The Replacement
By
Noah Matthews
Copyright 2008
The smell was unbelievable. I had been warned by a deputy sheriff about the smell, and the flies – hundreds of them. The largest flies I had ever seen – desperate, frantic black dots, hundreds dead, hundreds dying. But no warning could prepare me for this assault, this stench of wet leather and rot, so powerful that it temporarily immobilized me. I struggled to breathe through my mouth, to rationalize the affront. The room around me began to cry out with memories from the past – of a trick or treat night when I peed in my plastic dime store costume because I was too afraid to ask to use the restroom, of being stripped naked to reveal melted flesh from an overturned percolator filled with boiling coffee that had landed in my lap, of a resurrection plant that browned, greened, and browned again in an endless cycle all contained in a glass bowl with a tan and cream seashell and a discarded belt buckle, of the grate in the center of the floor that imprinted little squares on the bottoms of my feet and covered a coal-fired furnace below that glowed with the fires of hell and the acrid smell of sulfur, of a rainy afternoon spent with my grandmother urging her to draw chickens on the back of a used envelope – the only thing she could draw, while she complained that when I leaned on her lap, my elbows were too sharp, of the sun pouring into the room through the open screenless door as I bathed outside in the lawn in a galvanized steel tub with cold water run from a hose and pumped from a spring otherwise used to water the cattle.
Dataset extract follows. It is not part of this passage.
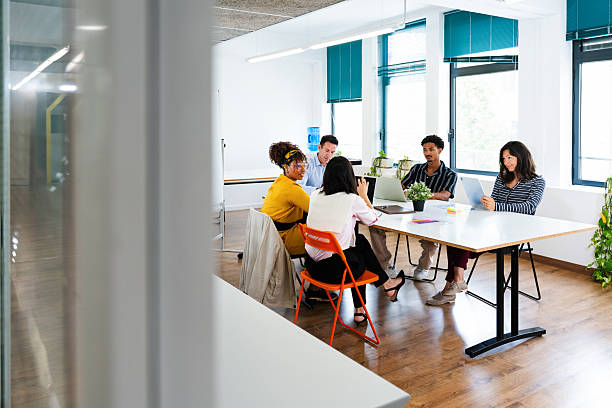istock Business people collaborating on project in modern office startup environment 2231149683
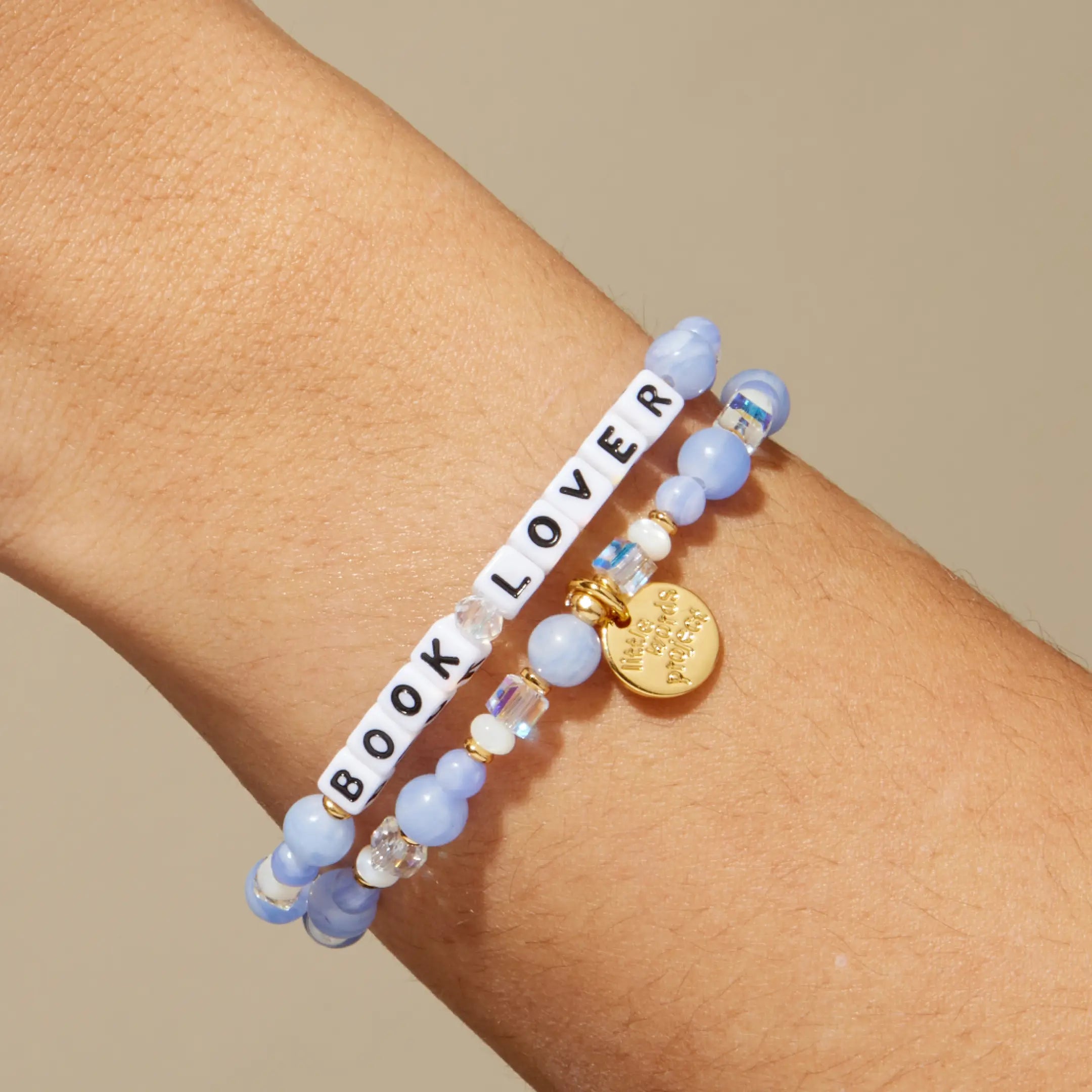 Bracelet with 'BOOK LOVER' beads on a wrist against a beige background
“In this heat, the body had liquefied so it made quite a mess. You’re gonna want to get that linoleum out of there. Do you want me to help?” The coroner stood unfazed, picking at his teeth with a book of matches before awkwardly shoving them into his shirt pocket. The biggest fly I had ever seen landed and danced above his upper lip. He made no effort to swat it but instead tolerated it until it buzzed mindlessly away.
“That’s OK. I’ll manage.” My vibrato was false and he knew it. He turned without another word and moved to the kitchen, me closely behind him. The stench rose to my open mouth and lay like exposed bowel on my tongue. My stomach lurched in protest and I moved to the back door, opened it, and stood gulping air. Behind me the floor, layer upon layer of cracked, curled, and worn linoleum, was awash in liquid death. My God in heaven is this what becomes of our flesh after only five short days? Five hot, country August days behind closed doors and plastic-covered windows is enough to reduce us to a pool of flesh and liquids. All our laughter, joys, triumphs, battles, sins, victories, failures – our days reduced to this.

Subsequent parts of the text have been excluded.